Anche l’Antitrust scende in campo nella lotta tra Airbnb e il fisco italiano. E si schiera a favore della piattaforma di home sharing contro la cosiddetta «tassa Airbnb», la cedolare secca al 21% sulle locazioni brevi, introdotta dal governo con la “manovrina” di inizio 2017. Secondo l’Authority per la concorrenza nel mercato, il provvedimento che obbliga il portale online ad agire da sostituto d’imposta rischia di «danneggiare i consumatori finali» e «alterare la concorrenza». Per questi motivi, «pur riconoscendo che l’obiettivo della norma è la lotta all’evasione», ha inviato una segnalazione ai presidenti di Camera e Senato, al ministero dell’Economia e all’Agenzia delle entrate affinché possano rivedere il provvedimento.

Cosa prevede la tassa – La nuova tassa sugli affitti brevi (inferiori ai 30 giorni) prevede che gli intermediari immobiliari – dai portali online alle tradizionali agenzie turistiche – agiscano da sostituti d’imposta, cioè da soggetti incaricati di trattenere le tasse sulle tariffe degli affitti da versare poi alla pubblica amministrazione. La norma ha l’obiettivo di contrastare l’evasione fiscale dei proprietari degli immobili, un fenomeno ritenuto frequente sui soggiorni brevi, quelli da one day trip. Dal primo giugno, su questi canoni di locazione, AirBnb è obbligata a trattenere dai padroni di casa una ritenuta del 21% e a girare i dati all’Agenzia delle entrate. Un provvedimento che rappresenta un unicum in tutta Europa e che ha spinto il colosso americano a far ricorso (poi respinto) al Tar del Lazio. Nonostante la bocciatura, però, la piattaforma di home sharing rifiuta di adeguarsi al provvedimento.

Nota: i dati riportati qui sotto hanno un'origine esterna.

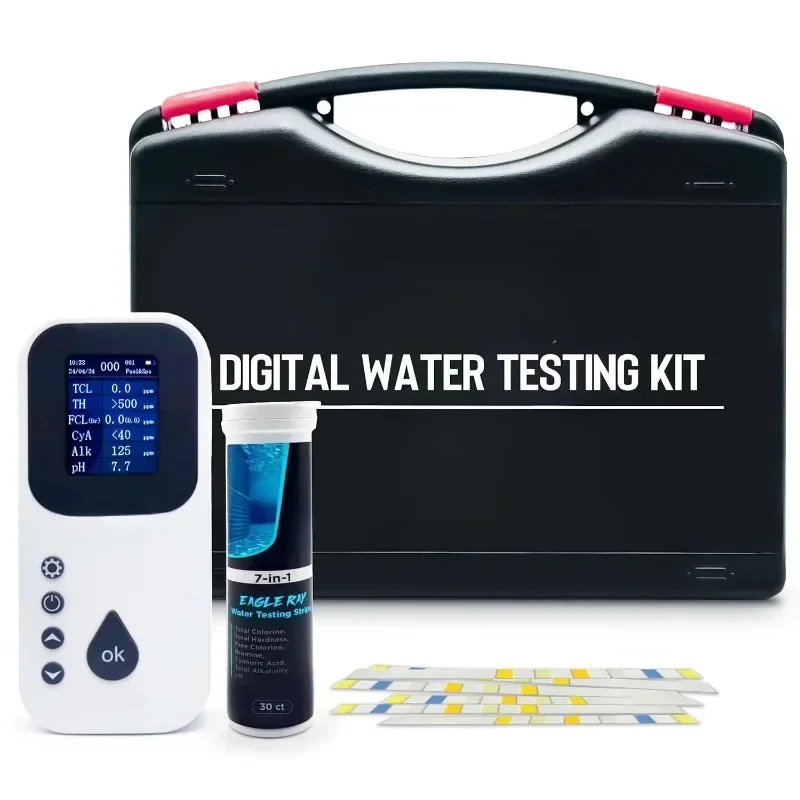 HOME.Kit de prueba de agua digitalTester de agua para bañera de hidromasaje digital para piscinaTester de cloro digital para piscina con análisis de agua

L’Antitrust dice no – Dopo mesi di attesa l’Authority ha preso una posizione netta. L’obbligo sui prelievi degli affitti – si legge nella lettera inviata agli indirizzi di Montecitorio e palazzo Madama – «appare potenzialmente idonea ad alterare le dinamiche concorrenziali tra i diversi operatori, con possibili ricadute negative sui consumatori finali dei servizi di locazione breve». Insomma, la cedolare secca rischierebbe di scoraggiare l’offerta di forme di pagamento digitale, costringendo gli operatori ad alzare i prezzi degli affitti che per la loro convenienza hanno fatto la fortuna di proprietari e turisti. Il timore – si legge – è che la norma vada a «discapito di coloro che adottano modelli di business caratterizzati dal ricorso a strumenti telematici di pagamento», un settore che ha contribuito «a una generale crescita del sistema economico». Inoltre, fa sapere sempre l’Antitrust, l’obiettivo nobile del contrasto all’evasione fiscale, per quanto sia un problema reale, «potrebbe essere perseguito altrettanto efficacemente con strumenti che non diano al contempo luogo a possibili distorsioni concorrenziali nell’ambito interessato». Con quali strategie? Ad esempio, prevedendo misure meno onerose per proprietari e operatori, con l’introduzione di «un obbligo fiscale di carattere informativo in capo agli intermediari e ai gestori di piattaforme immobiliari telematiche». Ovvero, introducendo l’obbligo per Airbnb di comunicare, a cadenza da definire, i flussi delle prenotazioni raccolte all’Agenzie delle entrate, in modo tale che il fisco italiano possa così in autonomia effettuare le sue valutazioni sugli affitti avvenuti e le eventuali evasioni.

Gli albergatori – Favorevole al provvedimento si conferma, invece, Federalberghi. Il direttore generale dell’organizzazione che riunisce gli albergatori Alessandro Nucara è soddisfatto della norma e invita il governo «a tenere la barra dritta in materia di disciplina fiscale delle locazioni brevi». Cambiando direzione, invece, spiega Nucara, le imprese italiane «che sono soggette a un carico fiscale tra i più gravosi al mondo non comprenderebbero il senso di aggiustamenti volti a strizzare l’occhio agli evasori».